On December 11, the Metropolitan Council presented a new study on a long-debated issue in the proposed Central Corridor Light Rail Transit Line along University Avenue. The study argued that the implementation of three additional LRT stations—located at the intersections of Hamline, Victoria, and Western Avenues—would not be feasible.
Opinion: Battle continues for additional LRT stations on Central Corridor
The study was in large part a response to community concerns that low-income neighborhoods in Saint Paul are not being equally served by LRT development as it is currently designed. Stations along the east end of University Avenue, the most transit- dependent area of the corridor, are currently planned at one-mile intervals.
According to the study, each station would add a cost of $5.5 million to the overall project budget of almost $1 billion.

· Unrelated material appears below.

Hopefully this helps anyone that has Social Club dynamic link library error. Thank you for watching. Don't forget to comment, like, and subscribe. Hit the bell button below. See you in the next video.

Also, the study shows a loss of ridership for every second added to travel time, and because each station would add an extra 30 seconds, the stations are said to reduce overall usage of the transit line. Both cost and ridership are factors of the Cost Effectiveness Index (CEI) that the Federal Transit Administration will use to determine whether or not the project will be funded.
The community has long argued that the additional stations are essential to the low-income neighborhoods along the Central Corridor. Recently, a separate study produced by the District Councils Collaborative (DCC) provided several justifications for these stations:
– There is no transit line through a similar urban neighborhood in the United States with stations spaced at more than .75-mile intervals.
– Previous studies have shown that most rides on the Central Corridor bus route take place within the corridor, not from one downtown to the other.
– Studies consistently show that people typically will walk up to .25-.33 miles to ride a transit line, which leaves many residents out of walking distance. This point suggests that ridership would increase if stations were added. Lower-income residents are also more likely to use transit, further supporting this point.
– The low-income neighborhoods along the corridor are being used to justify the need for the transit line, and thus deserve the justice of benefiting from its development.
The DCC study was presented to the community on November 29. The study argues that, although the CEI is a legitimate constraint, it may still be possible to add stations by either recalculating ridership with more accurate measurements or by using an “off-model” analysis that is occasionally allowed by the FTA even if the CEI does meet their requirements.
The Metropolitan Council will officially present their findings to the public at their Community Advisory Committee meeting on December 20 at 5:00 PM at the Goodwill-Easter Seals building located at University and Fairview Avenues in St. Paul. Many community groups are encouraging residents who disagree with the findings of the study to attend this meeting and voice their support for additional stations.